Greg's reproducer is a bit misleading.

> for (j = 0; j < workers; j++) {
> worker[j].offset = offset + j * PAGE_SIZE;
> worker[j].buffer = buffer + align + j * PAGE_SIZE;
> worker[j].length = PAGE_SIZE;
> }

this code mean,
- if align == 0, reader thread touch only one page.
and the page is touched only one thread.
- if align != 0, reader thread touch two page.
and the page is touched two thread.

then, race is happend if align != 0.
We discussed this issue with andrea last month.
("Corruption with O_DIRECT and unaligned user buffers" thread)

As far as I know, he is working on fixing this issue now.


>
> Maybe it's true that if buffer is aligned to page size, no copy-on-write will
> happen in usual program. But assuming HugeTLB page, which does Copy-on-Write,
> data corruption will happen again. HugeTLB aligned buffer is nonsense.




2009-01-29 15:40:36

by Jeff Moyer

[permalink] [raw]
Subject: Re: open(2) says O_DIRECT works on 512 byte boundries?

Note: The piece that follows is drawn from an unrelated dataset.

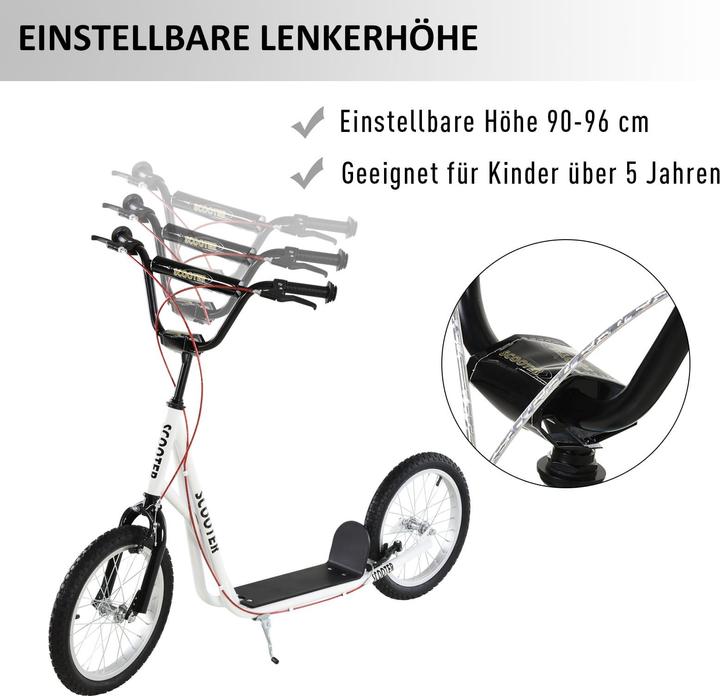 Produktbild Jamb Trottinett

Greg KH <[email protected]> writes:

> On Thu, Jan 29, 2009 at 03:59:12PM +1300, Michael Kerrisk wrote:
>> On Thu, Jan 29, 2009 at 2:17 PM, Greg KH <[email protected]> wrote:
>> >
>> >
>> >
>> > On Wed, Jan 28, 2009 at 06:41:49PM -0600, Robert Hancock wrote:
>> >>
>> >>
>> >> Greg KH wrote:
>> >>> In looking at open(2), it says that O_DIRECT works on 512 byte boundries
>> >>> with the 2.6 kernel release:
>> >>> Under Linux 2.4, transfer sizes, and the alignment of the user
>> >>> buffer and the file offset must all be multiples of the logical
>> >>> block size of the file system. Under Linux 2.6, alignment to
>> >>> 512-byte boundaries suffices.
>> >>> However if you try to access an O_DIRECT opened file with a buffer that
>> >>> is PAGE_SIZE aligned + 512 bytes, it fails in a bad way (wrong data is
>> >>> read.)
>> >>> Is this just a mistake in the documentation? Or am I reading it
>> >>> incorrectly?
>> >>> I have a test program that shows this if anyone wants it.
>> >>
>> >> Well, it sounds like a bug to me.. even if it's not supported, if you do
>> >> such an access, surely the kernel should detect that and return EINVAL or
>> >> something rather than reading corrupted data..
>> >
>> > It doesn't. It says the read is successful, yet the data is not really
>> > read into the buffer. Portions of it is, but not the amount we asked
>> > for.
>>
>> Greg,
>>
>> Can you post your test program?
>
> Sure, here it is. I'm still not quite sure it is valid, but at first
> glance it seems to be.
>
> Run it once with no arguments and all of the files will be created.
> Then run it again with no offset being asked for:
> ./dma_thread -a 0
> then with an offset:
> ./dma_thread -a 512
>
> The second one breaks.

There are several folks working on this. See "Corruption with O_DIRECT
and unaligned user buffers" on the linux-fsdevel list. There is also a
Red Hat bugzilla for this (471613) that several folks have been working
through.

Cheers,
Jeff

2009-01-30 06:19:15

by Greg KH

[permalink] [raw]
Subject: Re: open(2) says O_DIRECT works on 512 byte boundries?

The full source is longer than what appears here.